This news story originally provided by The
Captain of industry
By MICHAEL BROWNING, Managing Editor
It's a long road from Delorme, W.Va., to the top of corporate America, but one Mingo County native made the journey and has found that hard work does pay off.
Don L. Blankenship is currently president, chief executive officer and chairman of the board of Massey Energy Company. With 2001 sales of more than $1.2 billion dollars, Massey Energy is the fifth largest coal company in the United States.
Blankenship, who started with Massey Energy at Rawl Sales in Sprigg, worked his way up to head what is now the 950th largest corporation in America.
Born on March 14, 1950, in Stopover, Ky., just across the river from his home in Delorme in Mingo County, Blankenship is a native of Central Appalachia. After graduating from Matewan High School, he attended Marshall University in Huntington, where he earned a degree in accounting in 1972.
Blankenship said he's writing a book on his life experiences. That book will most likely contain his philosophy that prevents him from saying what people want to hear. He said he tells it like it is.
Very outspoken on several state issues, Blankenship takes no prisoners and calls them like he sees them. He said his stern positions on issues such as permitting and coal truck weight limits sometimes makes him unpopular.
"I don't do real well at being politically correct," Blankenship said. "I'm more likely to try to be correct than politically correct because I know that being politically correct may get you through the day, but being correct should get you through life."
Blankenship said sometimes it's hard for people to discern when he's speaking as a West Virginian and when he's talking as a company executive.
"I've been accused of being very outspoken," he said. "Sometimes I think I might be more outspoken than others might be because I am a West Virginian and I think that entitles me to be an outspoken president. It's hard to tell when I'm speaking as the CEO of Massey Energy or as a frustrated West Virginia citizen.
"A lot of my comments are frustrated West Virginia citizen comments, having been in small business in West Virginia in a gas station and seeing it and all the other gas stations in southern West Virginia driven out of business by a tax system that is unfair and seeing the opportunity that I have to create prosperity in southern West Virginia get squandered over what I call nonsense in the permitting and trucking issues. So, sometimes I'm speaking from one aspect and sometimes from another and it's difficult for the media and the community to discern between the two."

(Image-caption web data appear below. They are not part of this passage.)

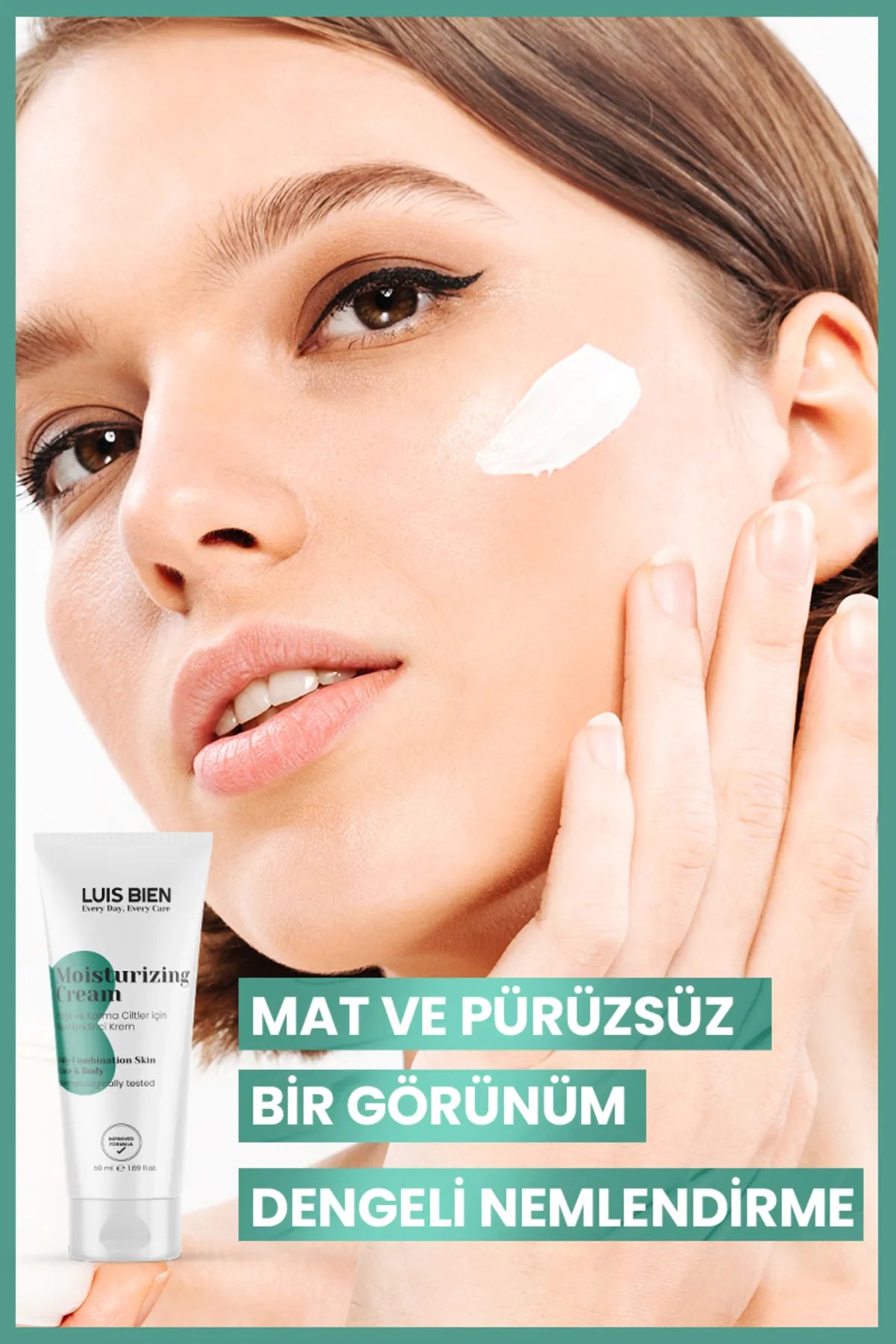 Luis Bien - Moisturizing Cream - Hydraterende Gezichtscrème voor de Vette en Gecombineerde Huid - Hyaluronzuur - Salicylzuur - Dermatologisch getest - 50 ml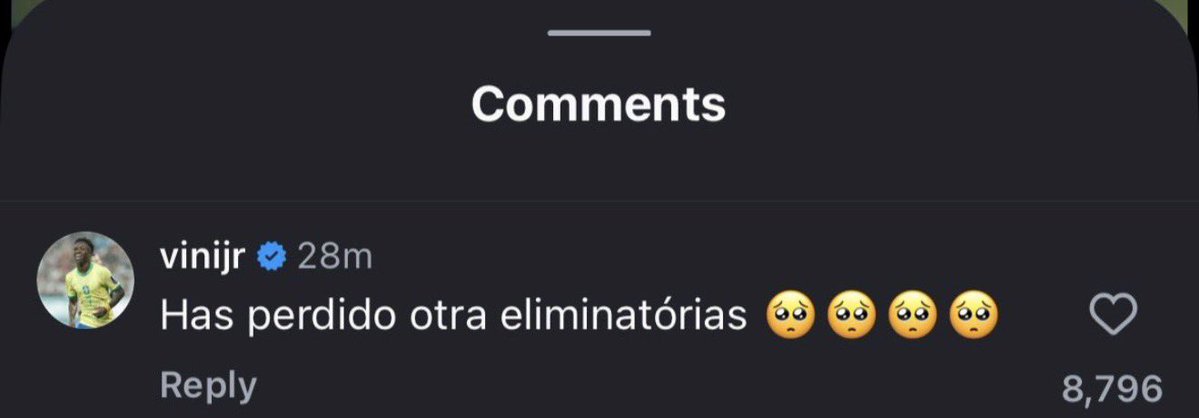 falasantin's tweet image. Na noite de ontem, Simeone provocou Vinicius Jr no gramado falando “Vini, Vini... Florentino vai se livrar de você, lembra que eu te disse!".

Uma página Madridista postou sobre isso hoje mais cedo e Vini respondeu “E você perdeu outra eliminatória 🥺🥺🥺”
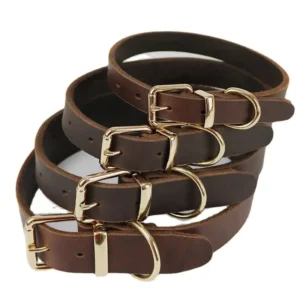 Luxury Solid Western Leather Dog Collar Adjustable Cow Comfortable Puppy Neck Collar for Dogs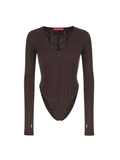 Cable Knit Zip-Up Bodysuit Espresso Brown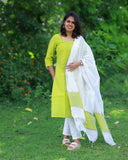 Manjal Visumbu Kurta set with Dupatta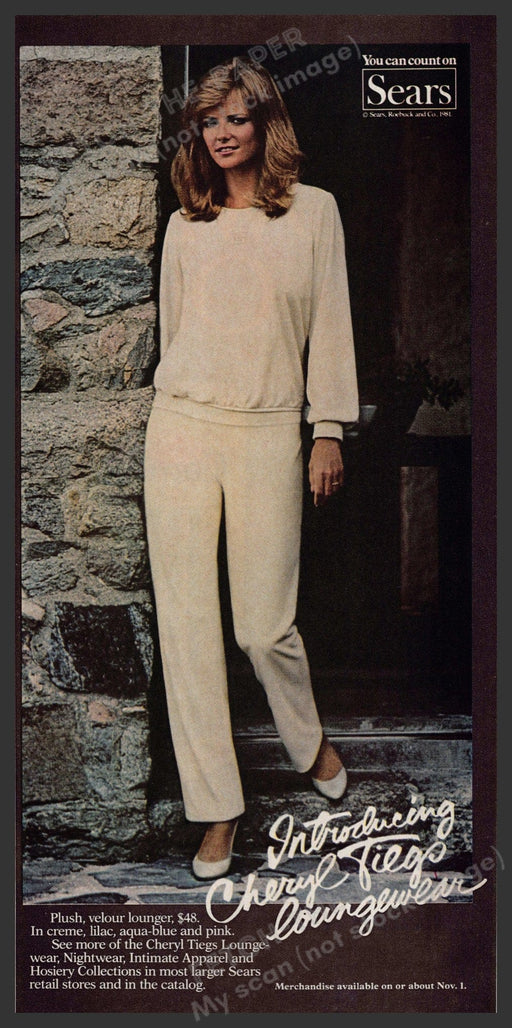 Sears Cheryl Tiegs 1980s Print Advertisement 1981 Loungewear Fetch-the-Paper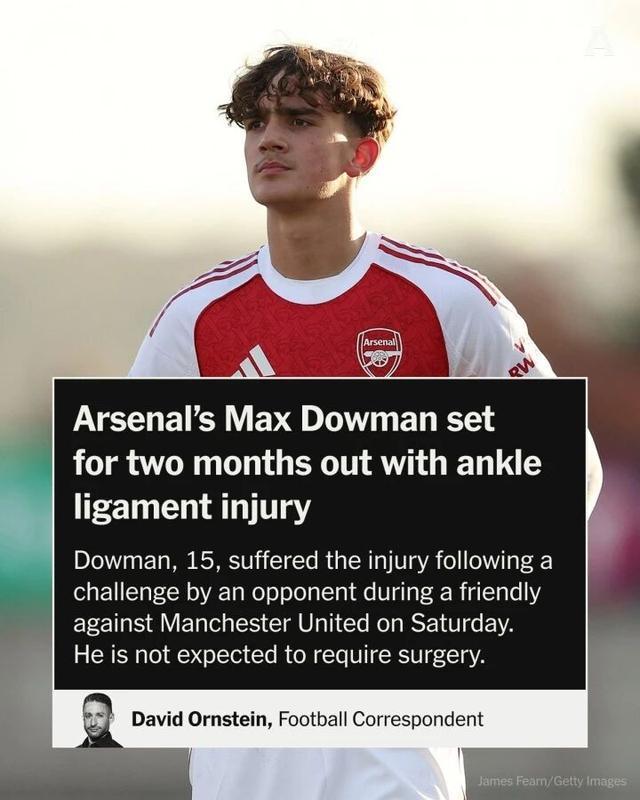 阿森纳又一前锋受伤！预计伤停2个月 已撤销欧冠报名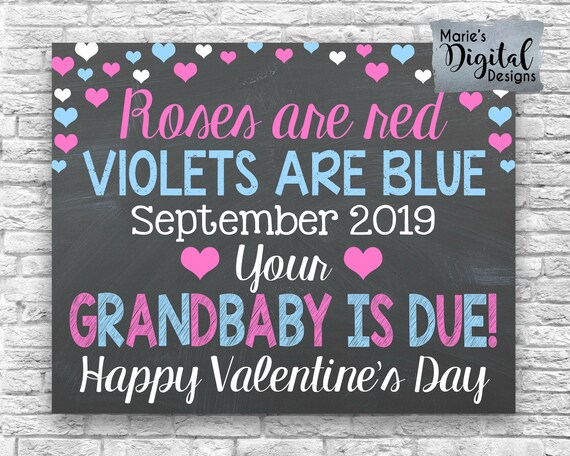 Printable Roses Are Red Violets Are Blue Your Grandbaby Is Due Etsy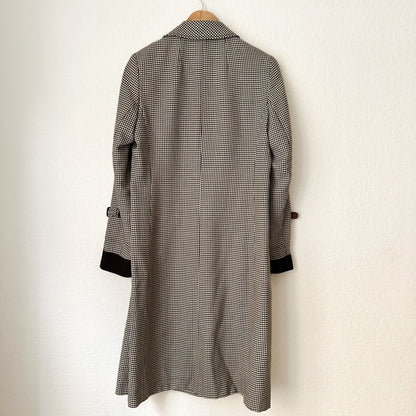 Vintage Brown Houndstooth Wool Coat - size M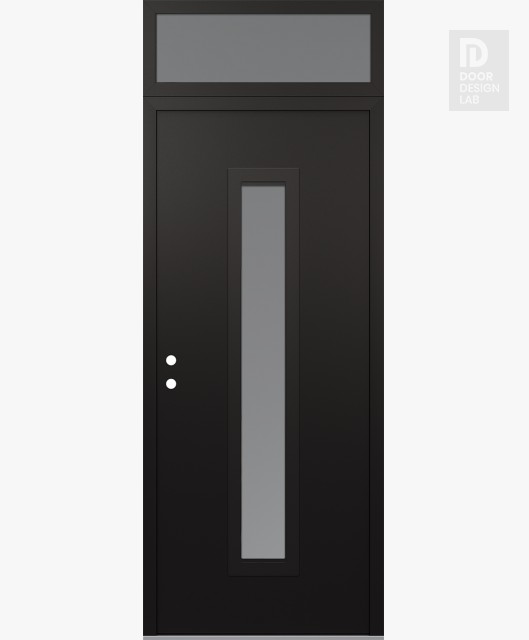 Modern Steel Front Door DIAMOND A11 36" X 96" BLACK/WHITE FROSTED GLASS PANEL BLACK RHI WITH TRANSOM FROSTED GLASS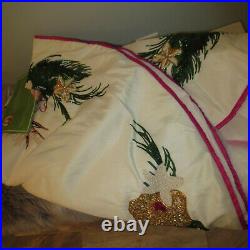 Embellished Tropical Flamingo Christmas Tree Skirt And (2) Stockings- Set Of 3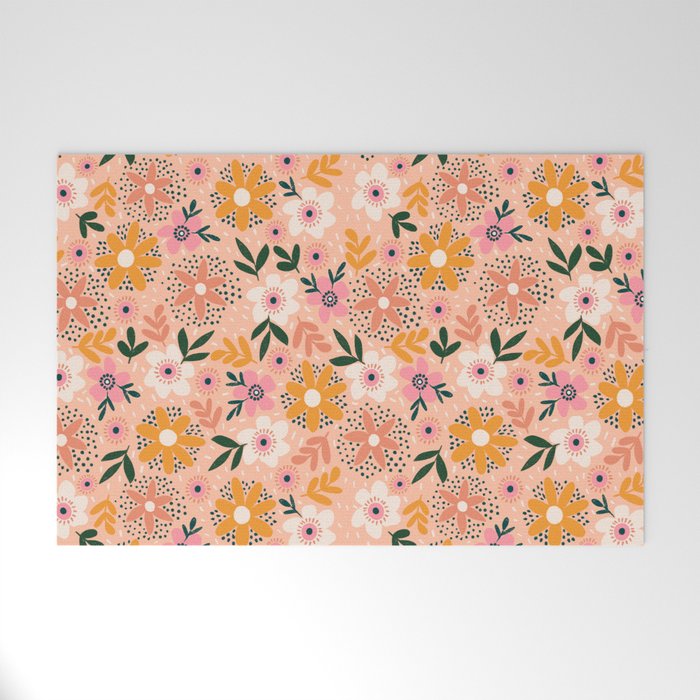 Autumn Floral Pattern Welcome Mat Gallery Image 1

Blankenship said his comments are often times misunderstood and seen as self-serving. He said that's the farthest thing from the truth.
"If I were trying to be self-serving, I probably wouldn't be here in West Virginia at all," Blankenship said. "It's sort of ironic I make a lot of money, which causes a lot of people to be selfish, and yet it's something I'd prefer they'd look at as a hometown boy doing well. They tend to look at it as something that I'm not deserving of and it causes them to be even more negative."
But, no matter what some people may think of Blankenship, many more are grateful for what he does for southern West Virginia.
Blankenship never forgets his roots. Massey Energy operates coal companies in five of West Virginia's most impoverished counties. Massey Energy can always been seen lending a helping hand in community and school activities. Recently, Blankenship and Massey Energy held a Christmas party for needy children. At the party, Massey provided the kids with food and refreshments and presents.
He often donates man power, equipment and money to Matewan High School and its many academic and athletics programs. This past summer, Blankenship and Massey Energy donated nearly $60,000 to the Matewan High School Alumni Association for the football program. Throughout the summer, Blankenship sent Massey workers to Matewan High to help repair the football field, which was swamped under mud and debris following the May 2 flooding.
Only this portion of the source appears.